Pre-911 book: Amerikans will reap what they sow

Blowback: The Costs and Consequences of American Empire
by Chalmers Johnson
New York: Henry Holt, 2000, 268 pp. pb.

Review by MC206
3 Mar 2003

Chalmers Johnson finished this book over a year before September 11, which is when most Amerikans first heard the term "blowback." In it, he lays out the reasons why Amerika's chickens were bound to come home to roost--as indeed they did. The book is packed full of details about what Johnson calls "imperial overstretch," similar to something MIM talked about in its founding documents back in 1983. Thus it remains a useful read today, although Johnson is a bitter anti-Communist (more specifically: an anti- Maoist) and Blowback is partly an (unsuccessful) attempt to replace the Communist critique of imperialism with a bourgeois critique.

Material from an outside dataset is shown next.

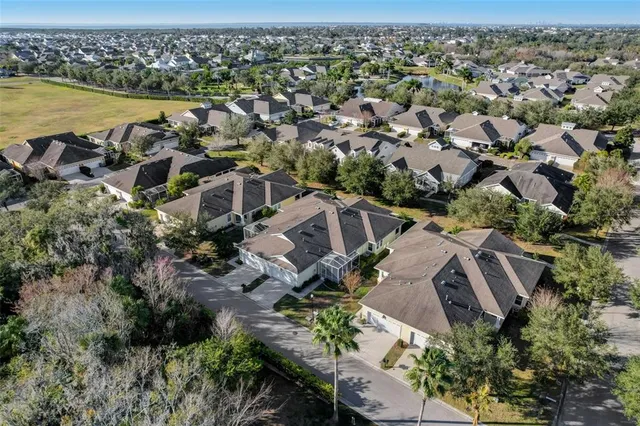 $359,000 | 219 Sunset Crest Court, Apollo Beach, FL 33572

"Blowback," of course, refers to "the unintended consequences of policies that were kept secret from the American people. What the daily press reports as the malign acts of 'terrorists' or 'drug lords' or 'rogue states' often turn out to be blowback from earlier American operations."(p.8) To Johnson's credit, he does not limit his definition of the term to Amerikans, noting that while Amerikans have not yet felt the impact of the Asian economic crisis caused by Amerikan speculators and IMF meddling, Indonesians already have.(p. 17)

Obvious cases of blowback include U.$. support for the Afghan mujahideen who bombed the World Trade Center in 1993 and then flew two airplanes into it in 2001.(p. 13) Johnson provides a service by discussing some of the lesser- known cases of blowback--or potential blowback.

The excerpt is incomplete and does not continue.